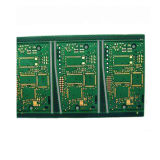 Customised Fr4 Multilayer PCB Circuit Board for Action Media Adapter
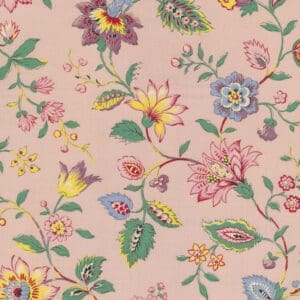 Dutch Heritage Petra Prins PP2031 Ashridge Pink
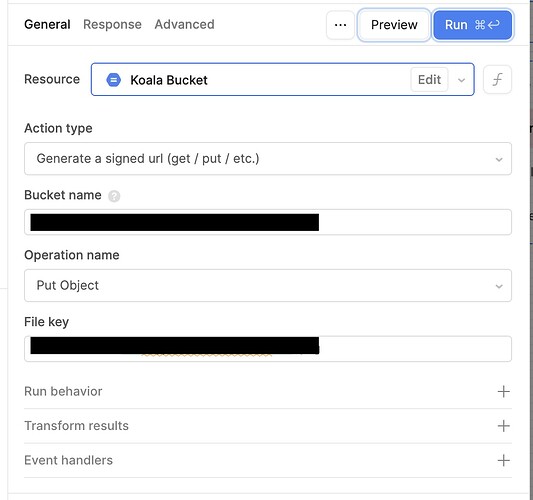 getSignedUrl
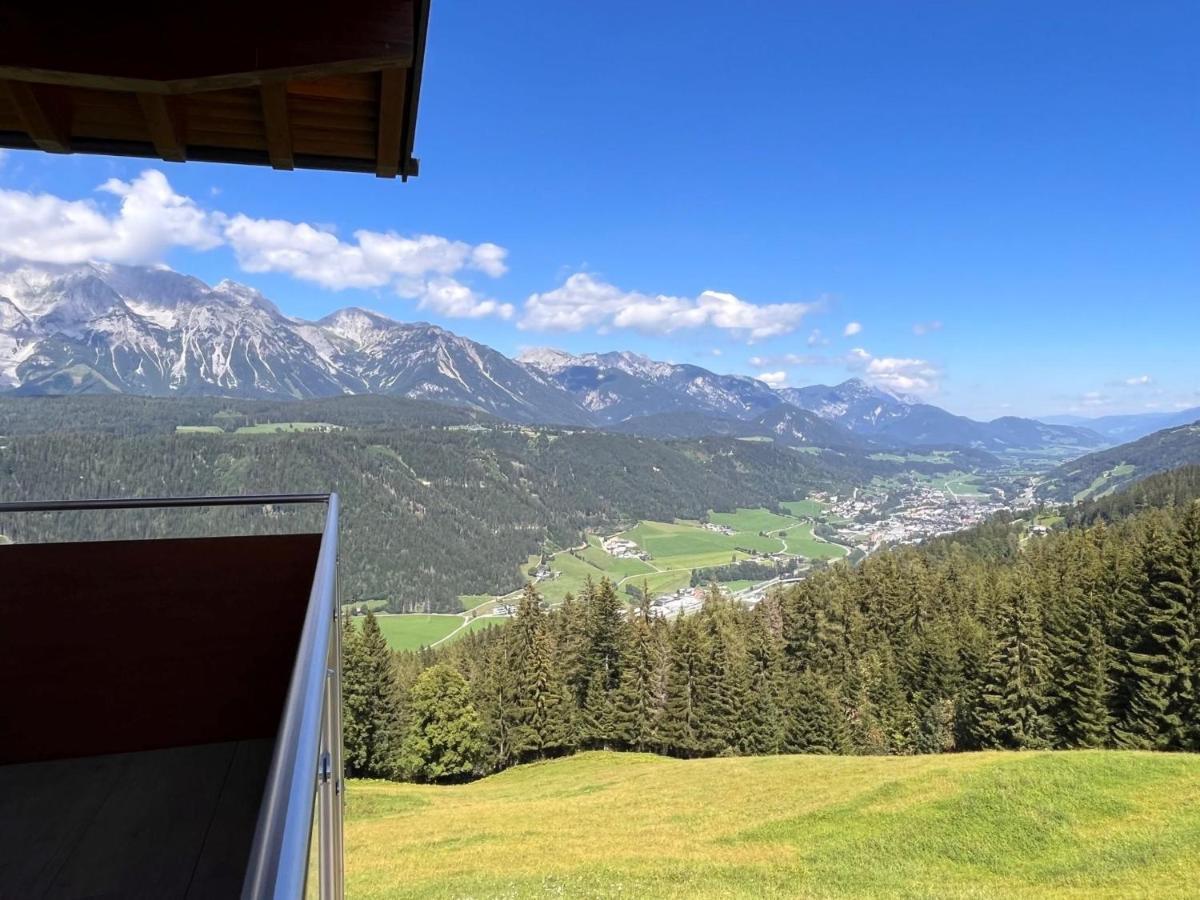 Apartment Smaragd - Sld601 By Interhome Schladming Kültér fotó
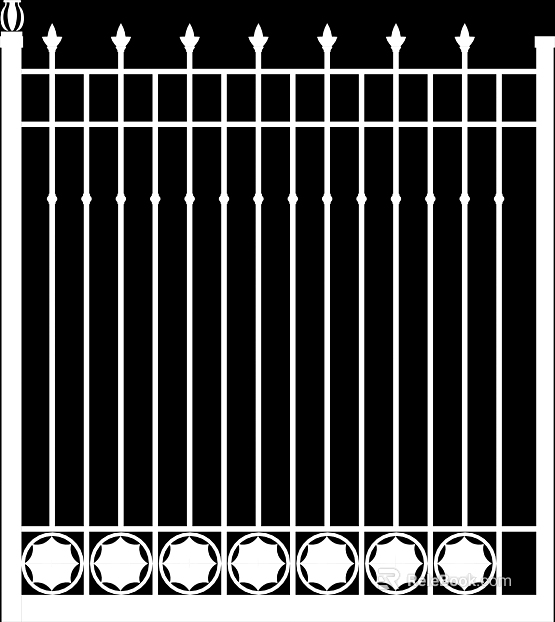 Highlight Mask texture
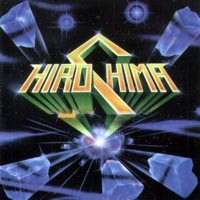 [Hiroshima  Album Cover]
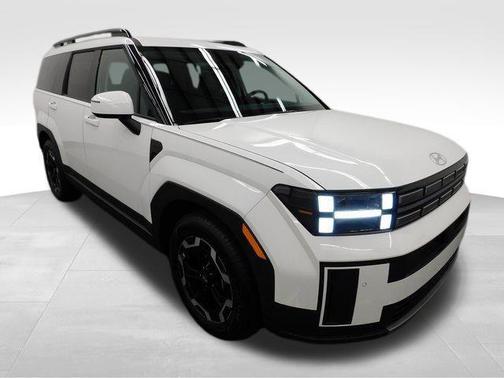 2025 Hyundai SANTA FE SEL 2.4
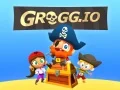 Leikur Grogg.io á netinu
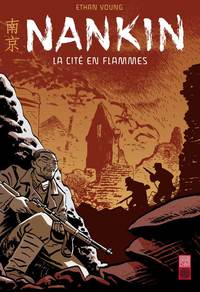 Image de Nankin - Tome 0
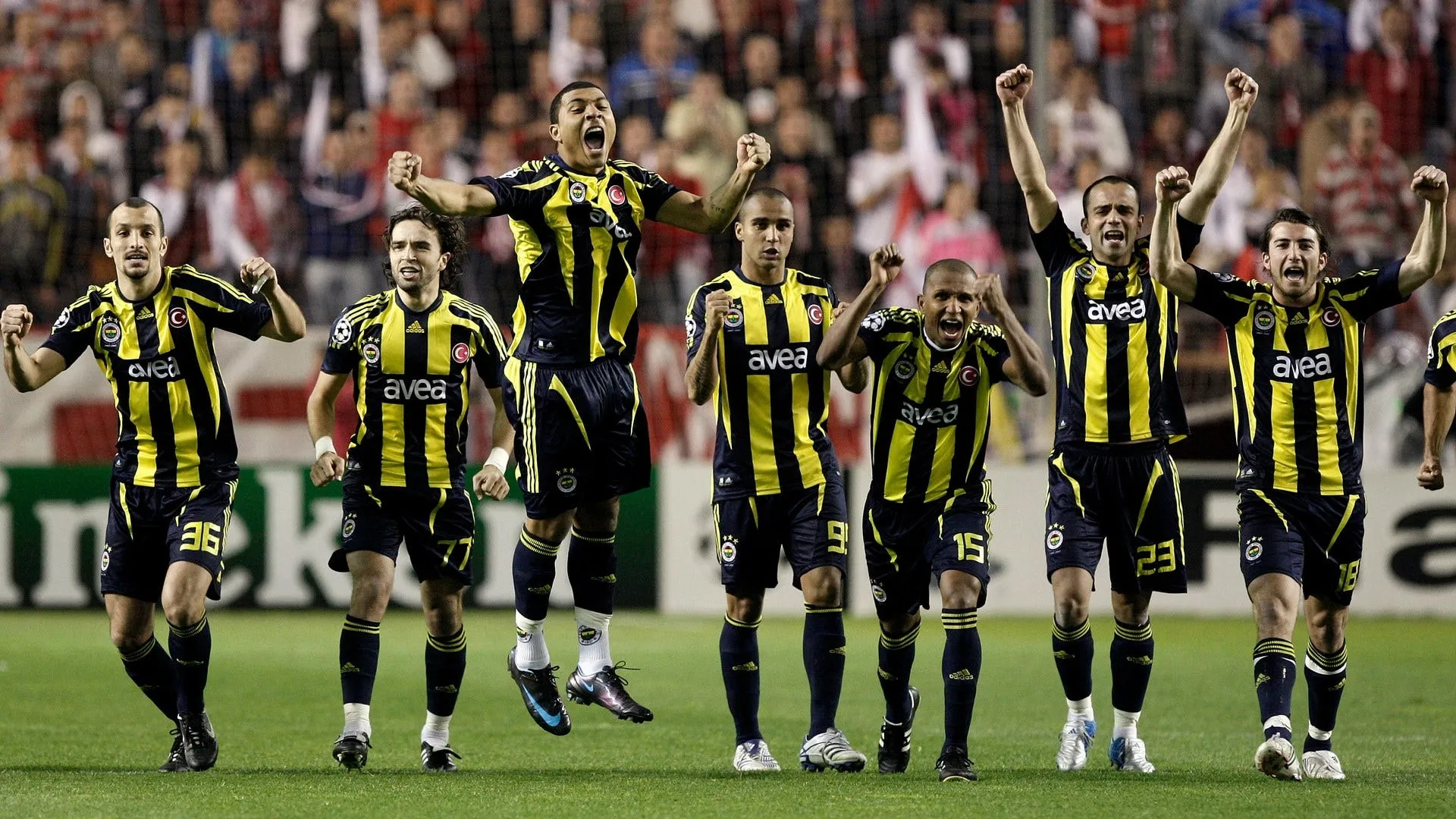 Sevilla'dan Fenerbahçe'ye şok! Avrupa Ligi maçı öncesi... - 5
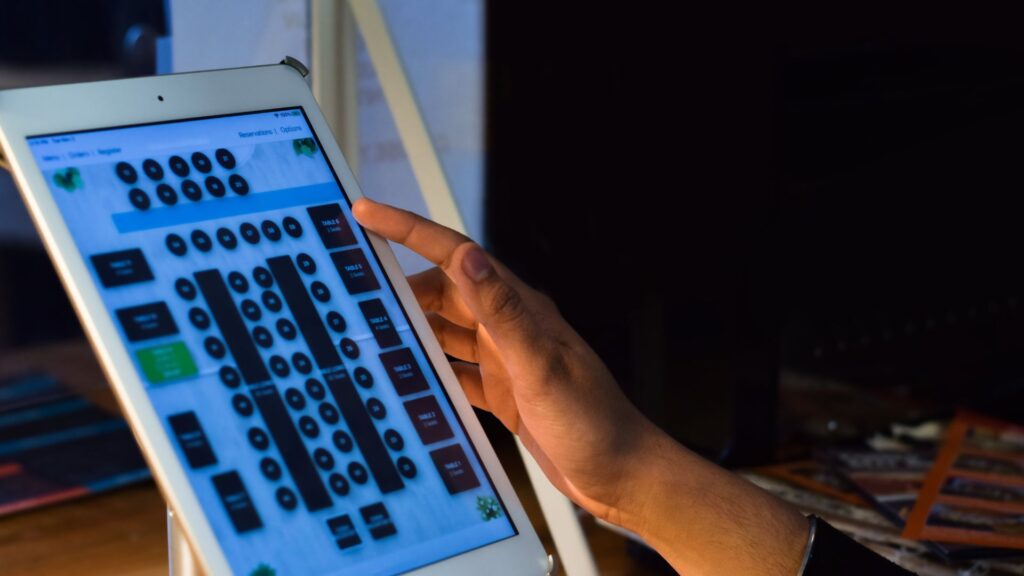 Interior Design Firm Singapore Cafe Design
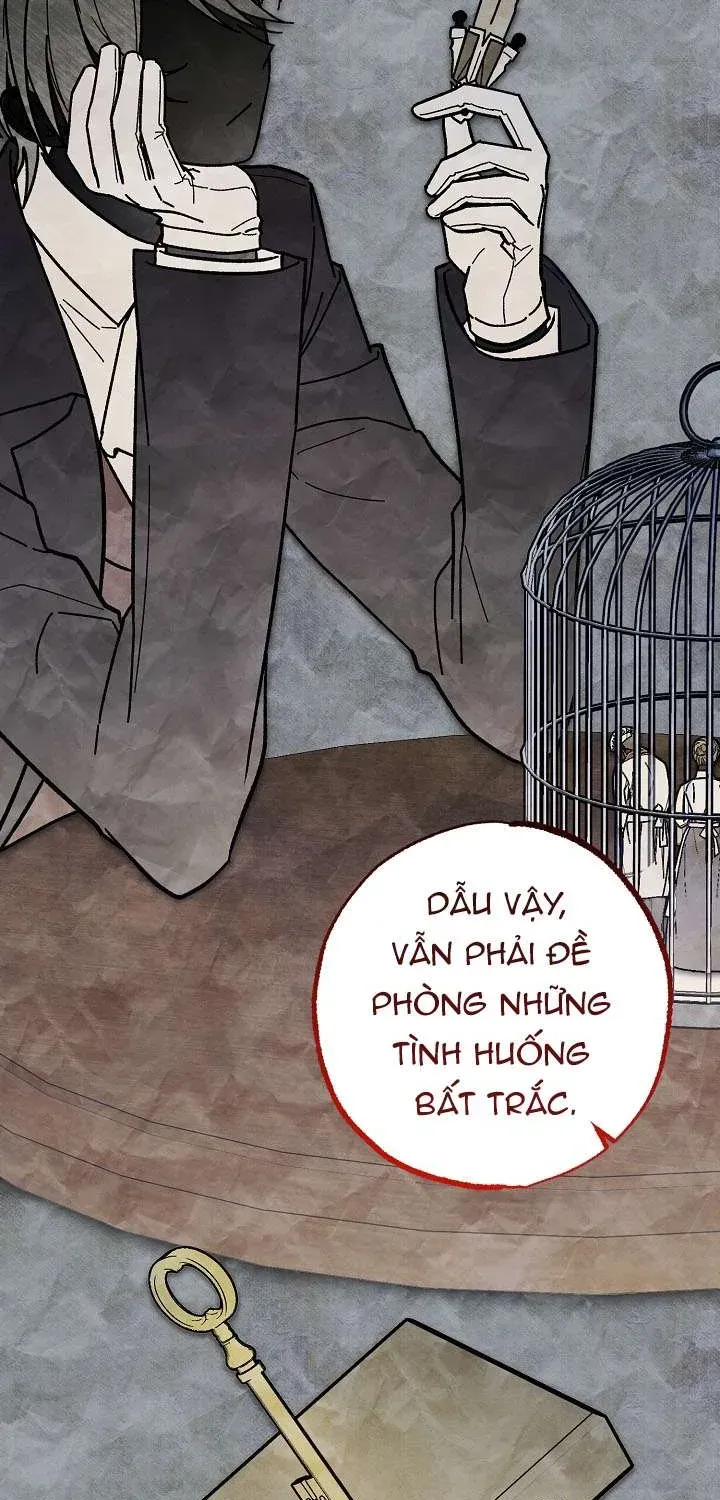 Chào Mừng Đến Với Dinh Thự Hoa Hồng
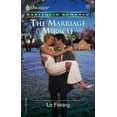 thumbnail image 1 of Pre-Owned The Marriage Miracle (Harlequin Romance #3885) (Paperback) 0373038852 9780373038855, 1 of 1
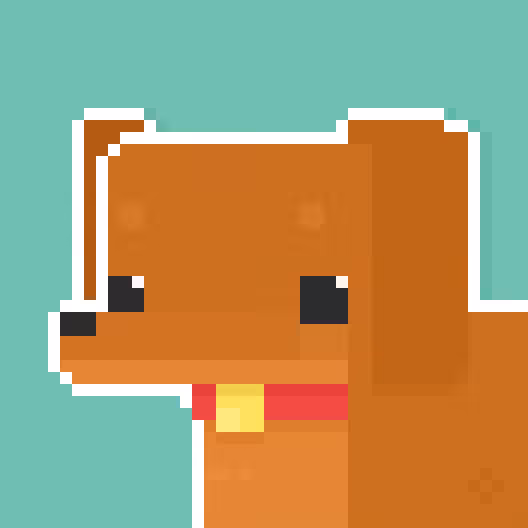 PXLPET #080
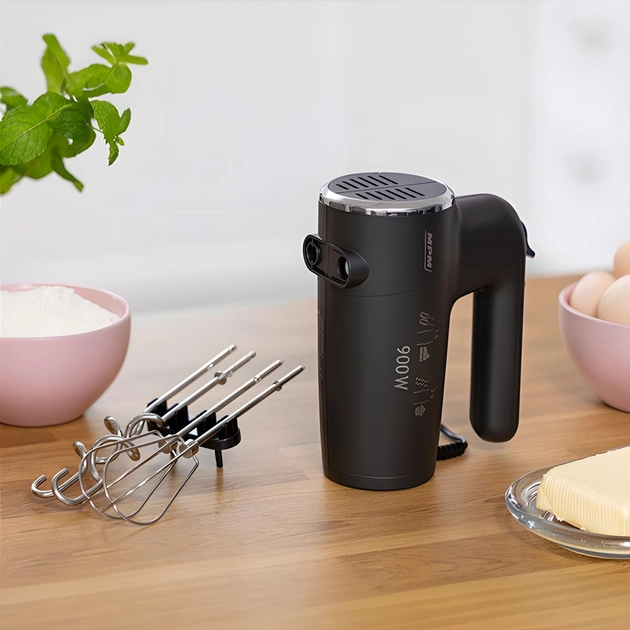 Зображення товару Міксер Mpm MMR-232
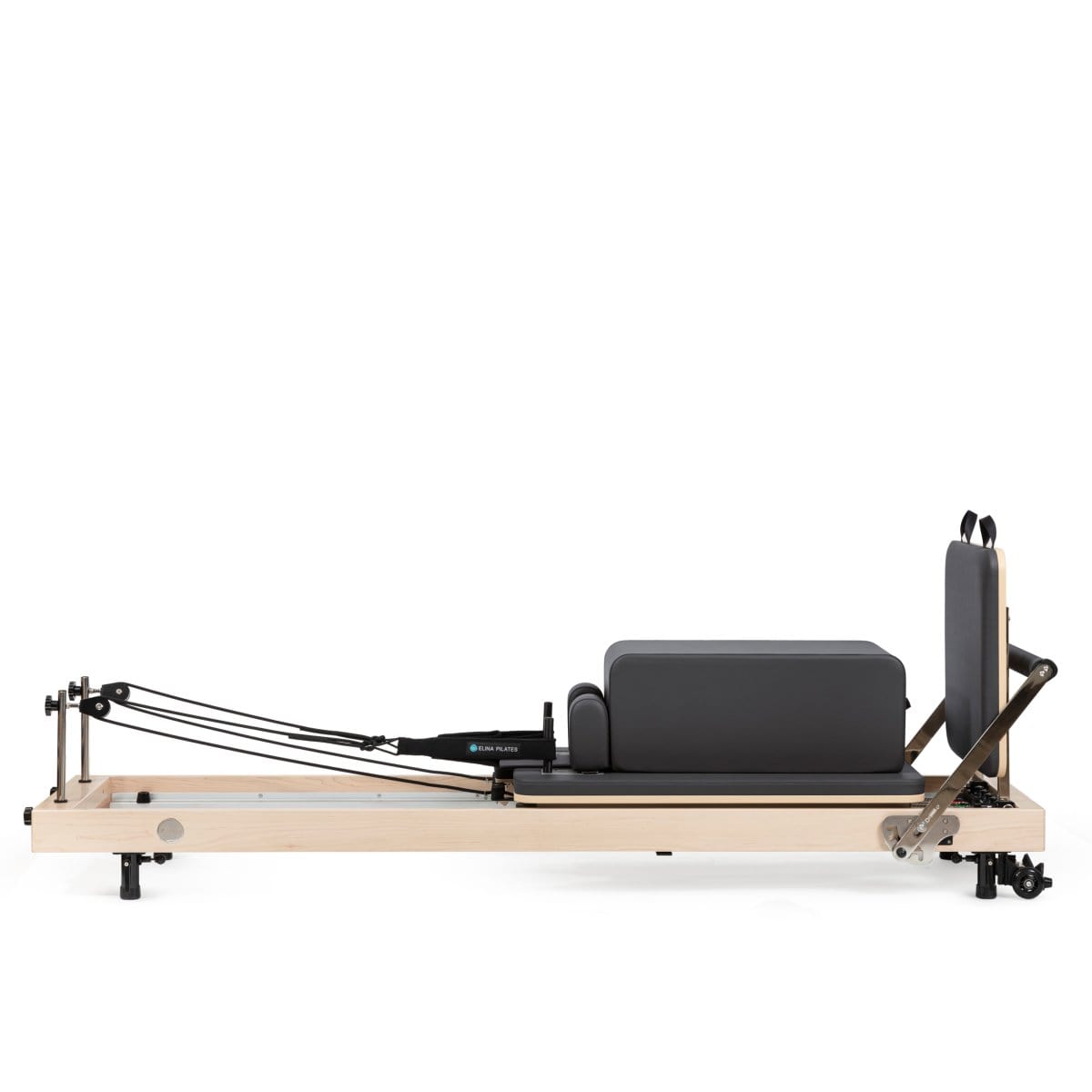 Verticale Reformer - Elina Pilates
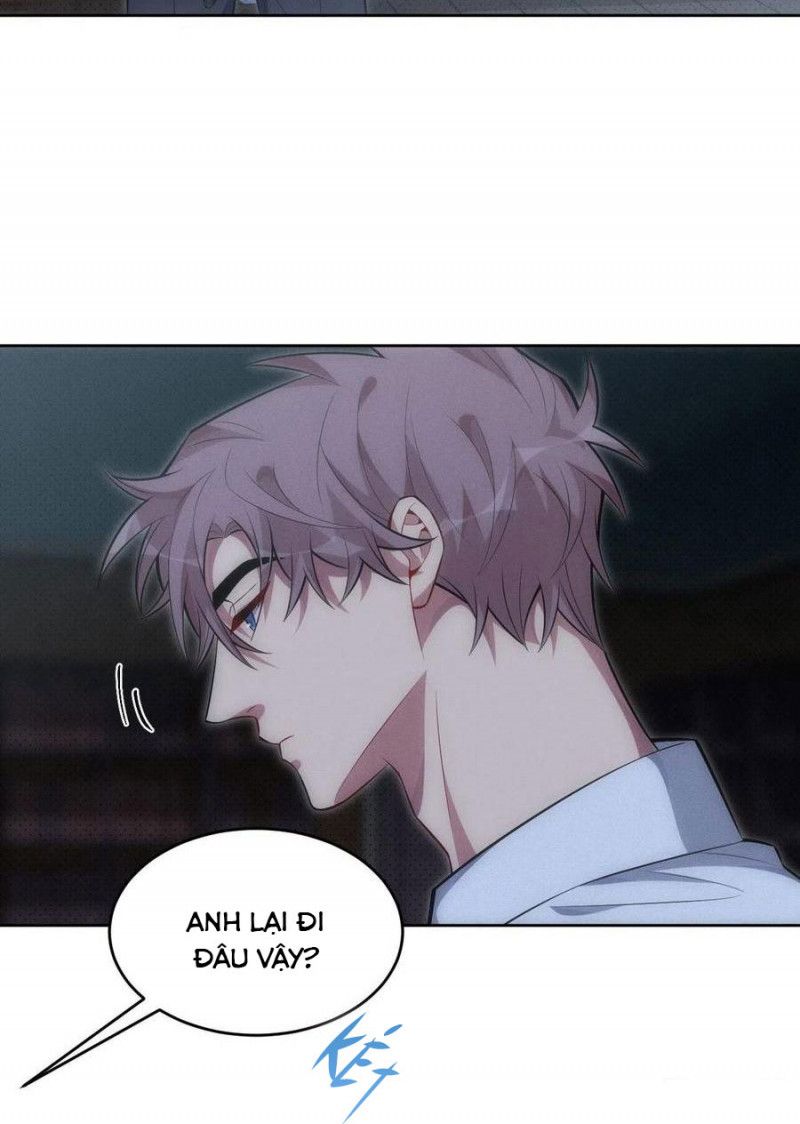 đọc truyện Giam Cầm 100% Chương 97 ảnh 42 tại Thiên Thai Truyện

### YOUR TASK
Transcribe the lines above exactly, setting aside any picture among them.

### RESPONSE TO THE EXERCISE
 Customised Fr4 Multilayer PCB Circuit Board for Action Media Adapter
 Dutch Heritage Petra Prins PP2031 Ashridge Pink
 getSignedUrl
 Apartment Smaragd - Sld601 By Interhome Schladming Kültér fotó
 Highlight Mask texture
 [Hiroshima  Album Cover]
 2025 Hyundai SANTA FE SEL 2.4
 Leikur Grogg.io á netinu
 Image de Nankin - Tome 0
 Sevilla'dan Fenerbahçe'ye şok! Avrupa Ligi maçı öncesi... - 5
 Interior Design Firm Singapore Cafe Design
 Chào Mừng Đến Với Dinh Thự Hoa Hồng
 thumbnail image 1 of Pre-Owned The Marriage Miracle (Harlequin Romance #3885) (Paperback) 0373038852 9780373038855, 1 of 1
 PXLPET #080
 Зображення товару Міксер Mpm MMR-232
 Verticale Reformer - Elina Pilates
 đọc truyện Giam Cầm 100% Chương 97 ảnh 42 tại Thiên Thai Truyện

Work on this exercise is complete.